Experts warned earlier this year the cuts could lead to more than 14 million avoidable deaths by 2030.
Leo highlighted the "outrageous paradoxes" by which enormous amounts of food go wasted in the world "while multitudes of people scramble to find something in the garbage to put in their mouths".
"How can we explain the inequalities that allow a few to have everything and many to have nothing?" he asked.
- 'Fatal lethargy' -
Around 319 million people are facing acute food insecurity, including 44 million in emergency levels of hunger, according to the World Food Programme (WFP).
"Staggering" cuts to its funding mean it has had to drastically cut aid packages to millions in need, it said this week.

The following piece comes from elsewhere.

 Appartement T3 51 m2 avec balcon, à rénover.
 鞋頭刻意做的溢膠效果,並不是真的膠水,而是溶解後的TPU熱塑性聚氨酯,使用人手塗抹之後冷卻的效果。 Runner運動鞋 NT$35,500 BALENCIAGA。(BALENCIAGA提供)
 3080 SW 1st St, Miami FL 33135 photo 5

Leo cited in particular "Ukraine, Gaza, Haiti, Afghanistan, Mali, the Central African Republic, Yemen and South Sudan", among other countries "where poverty has become the daily bread".
The Catholic leader also lambasted that people seem "to have forgotten" that using starvation as a weapon is a war crime.
The US pontiff urged the world to rouse itself from "the fatal lethargy in which we are immersed".
"The hungry faces of so many people who still suffer challenge us and invite us to reexamine our lifestyles, our priorities and our way of living in today's world in general," he said.
FAO director-general Qu Dongyu said more must be done to support the more than one billion people who work in the food systems that feed the planet.
He insisted the key was "to empower" those who produce food -- particularly women, who he said must have land rights and access to credit and technology.
Leo said the role of women in the fight against hunger, often overlooked, was in fact "indispensable", dubbing them "the silent architects of survival".